I understood your wanting to go and see what war was like… only I do think nearly all war is madness. It’s destruction and not creation, and it’s mad to destroy the best things and people in the world, if one can anyhow avoid it. You object to cutting down trees. Isn’t war that, a million times worse?
Letter from Vanessa Bell to Julian Bell, 10 Oct 1936

More unhappiness followed with the suicide of her sister Virginia in 1941, and a falling-out with her daughter Angelica. Angelica married David Garnett, her father Duncan Grant’s former lover in 1942. Although the Bloomsbury circle had lead unconventional lives, Vanessa was unwilling to accept this complicated entanglement.

During Vanessa’s last years she lived at Charleston which remained a great inspiration for her painting. She died in 1961.

Duncan Grant

He was charismatic, passionate, good looking and gay (at a time when homosexuality was illegal in England). Duncan Grant was introduced to the Bloomsbury Group in 1905 when his cousin Pippa Strachey took him to a meeting of the Friday Club.

Starting out

Duncan Grant was born in Scotland in 1885. His father was a major in the army, and much of his early childhood was spent in India and Burma. He returned to England in 1894 to go to school. He enjoyed art classes and was encouraged by his art teacher and also his aunt Lady Strachey, who organised private drawing lessons for him. Eventually, he was allowed to become an artist, rather than joining the army as his father wanted. He went to Westminster School of Art in 1902.

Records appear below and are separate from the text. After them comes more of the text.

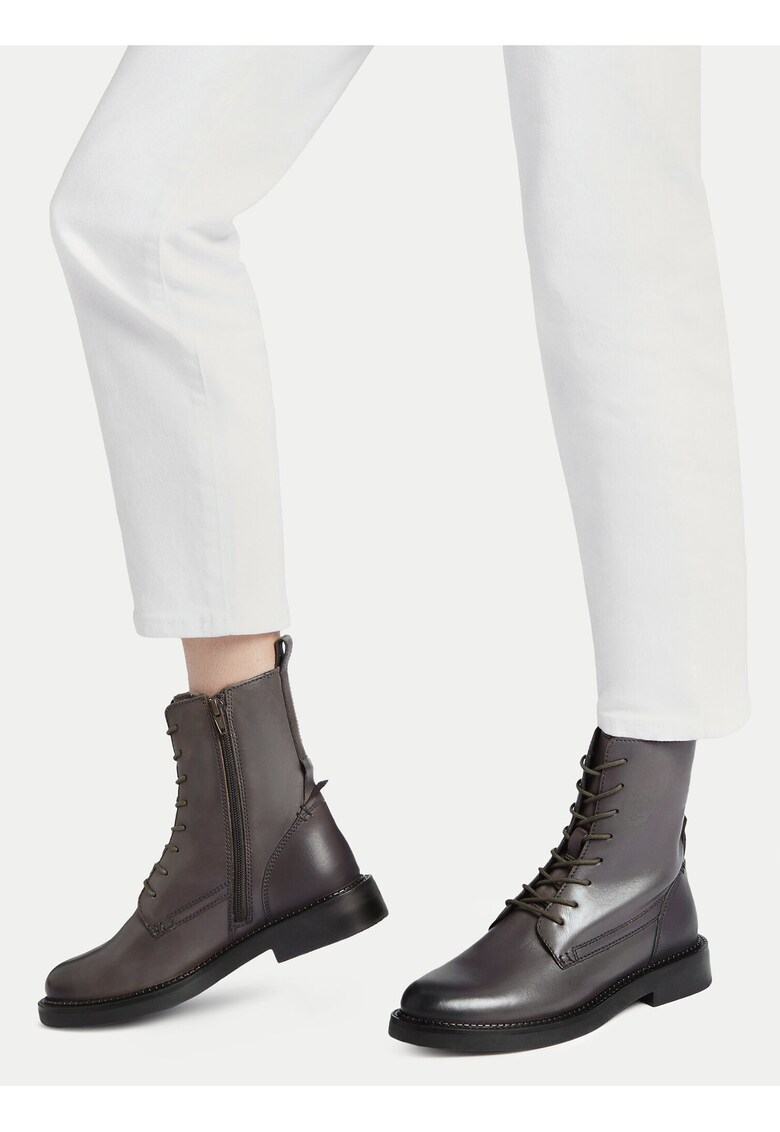 Botine dama - piele naturala - gri -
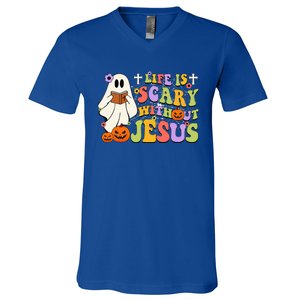 Groovy Halloween Life Is Scary Without Jesus Christian Lover V-Neck T-Shirt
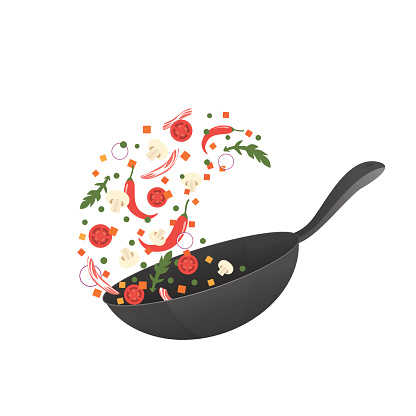 Cooking process vector illustration. Flipping Asian food in a pan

Duncan Grant’s cousins the Stracheys, who he had spent summer holidays as a schoolboy, played an important part in his life during this time. He spent the summer of 1905 with Lytton Strachey, and around the same time Pippa Strachey took Duncan to a meeting of the Friday Club where he first met the Bloomsbury artists.

Paris 1906-7

In early 1906 Duncan Grant went to Paris to follow his dream of becoming an artist. He had a letter of introduction from the French artist Simon Bussy (a family friend who knew artists in Paris including Henri Matisse) and £100 from a kind aunt. He enrolled at Jacques Emile Blanche’s new art school, La Palette.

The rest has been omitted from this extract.